Dalam talkshow “Lekat” yang disiarkan bersama UPTD Kawasan Wisata dan Olahraga Ciheuleut, Alit Sugiantoro, S.AN., M.M., selaku Kepala UPTD, menyampaikan bahwa kejuaraan ini sekaligus menjadi momentum memperkenalkan fasilitas unggulan kolam ombak dan kolam arus yang kini tengah dikembangkan di Ciheuleut.

“Subang Swim Challenge ini bukan sekadar kompetisi, tetapi juga cara kami menunjukkan bahwa Subang memiliki fasilitas olahraga air berstandar, yang bisa dimanfaatkan sebagai pusat pembinaan atlet dan destinasi wisata keluarga,” ujar Alit.

Ajang ini terbuka untuk peserta dari berbagai jenjang usia, mulai dari TK hingga SMP. Pendaftaran mensyaratkan dokumen pendukung seperti Kartu Keluarga dan Akta Kelahiran. Pendaftaran ditutup tiga hari sebelum hari H atau maksimal dua hari sebelum technical meeting.

Dalam perhelatan perdana ini, panitia menargetkan partisipasi luas dari klub-klub lokal maupun regional, dengan sistem kompetisi yang mencakup berbagai gaya renang seperti gaya bebas, dada, punggung, dan kupu-kupu.

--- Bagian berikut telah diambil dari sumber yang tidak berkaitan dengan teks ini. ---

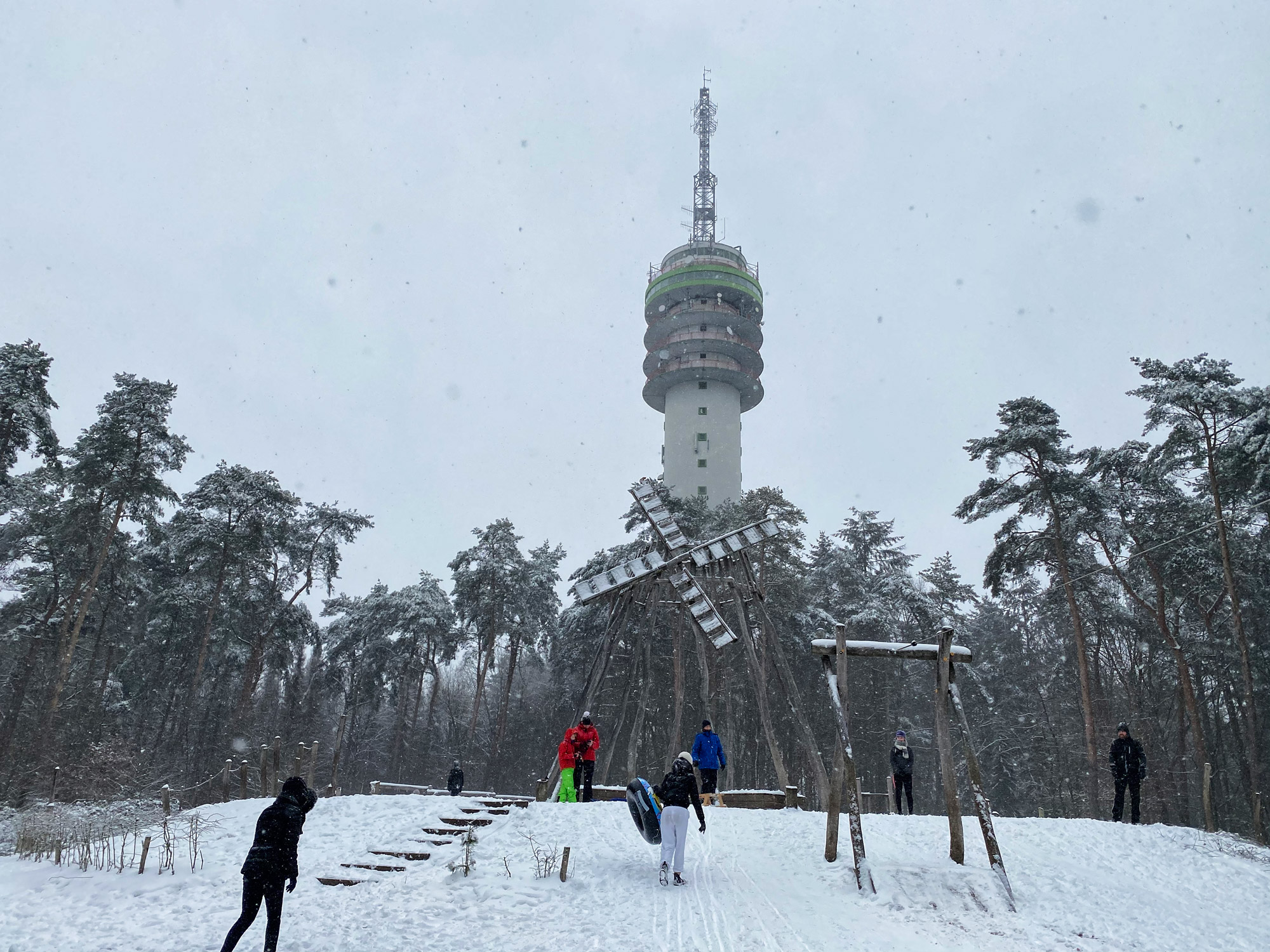 Wandelen in Noord-Brabant: Heide en vennen route in Geldrop-Mierlo, in de sneeuw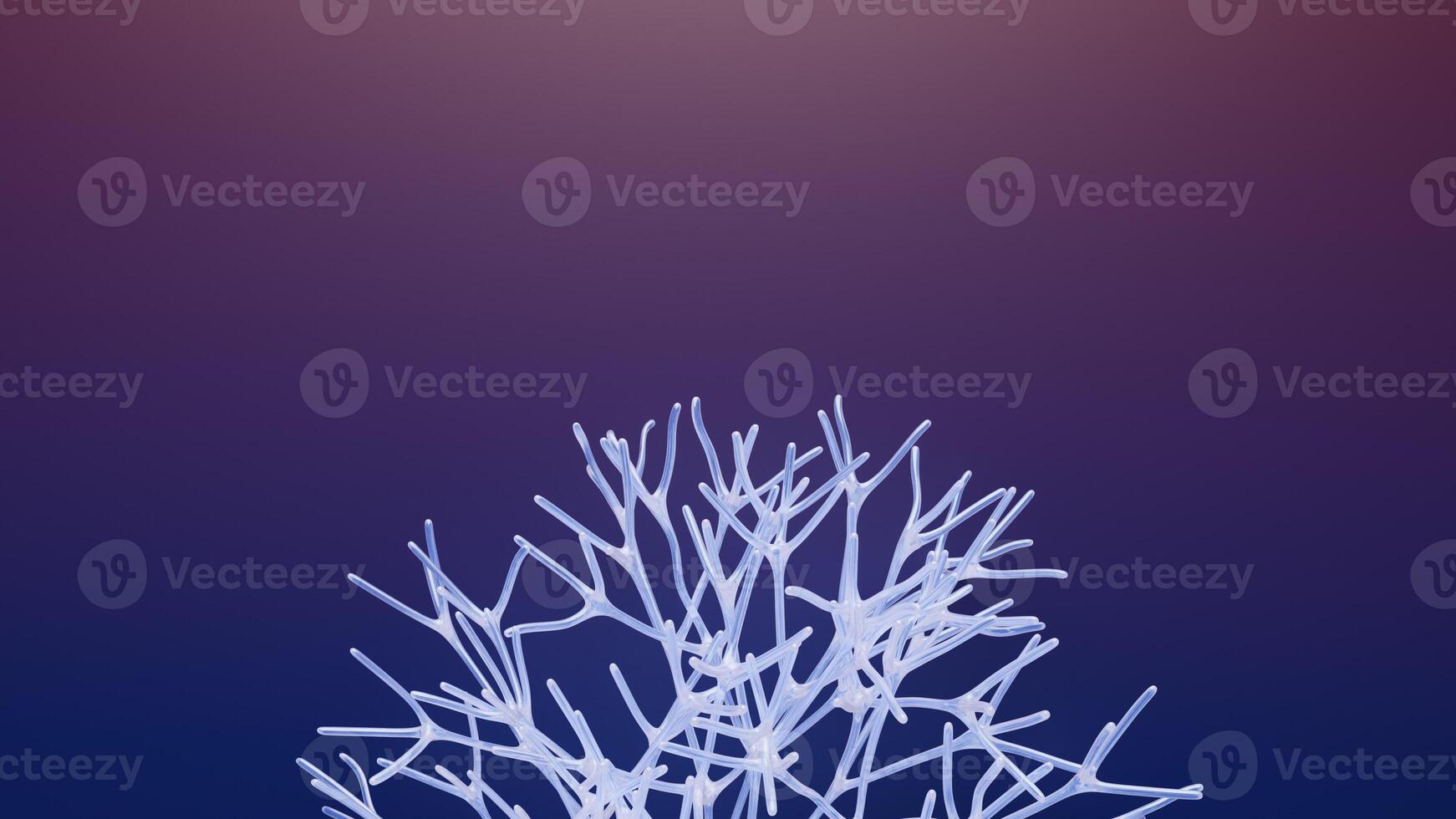 A tree with branches and leaves on a purple background photo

Kategori penghargaan juga beragam meliputi Perenang Terbaik, Kejuaraan Umum, Klub Terbaik dan Pelatih Terbaik, Kategori per nomor lomba berdasarkan gaya renang.

Setiap peserta yang berlaga akan menerima medali, sertifikat yang ditandatangani langsung oleh Bupati Subang, serta uang pembinaan sebagai bentuk apresiasi dan motivasi.

Untuk memastikan kelancaran dan objektivitas kompetisi, sebanyak 40 juri dan wasit profesional dari berbagai daerah, termasuk Bandung dan Subang, telah disiapkan. Mereka berasal dari asosiasi resmi perwasitan cabang olahraga renang.

“Kami mengimbau para orang tua agar mendorong anak-anaknya ikut serta. Kompetisi ini bisa menjadi awal dari lahirnya atlet-atlet berbakat dari Subang yang nantinya bisa berprestasi di tingkat lebih tinggi,” ujarnya.

Meski fokus utama adalah lomba, kejuaraan ini juga terbuka untuk masyarakat umum yang ingin menyaksikan secara langsung, dengan harga tiket masuk yang telah ditentukan panitia.
Menutup pernyataannya, Alit Sugiantoro berharap ajang ini dapat menjadi agenda rutin tahunan, digelar minimal satu hingga dua kali dalam setahun.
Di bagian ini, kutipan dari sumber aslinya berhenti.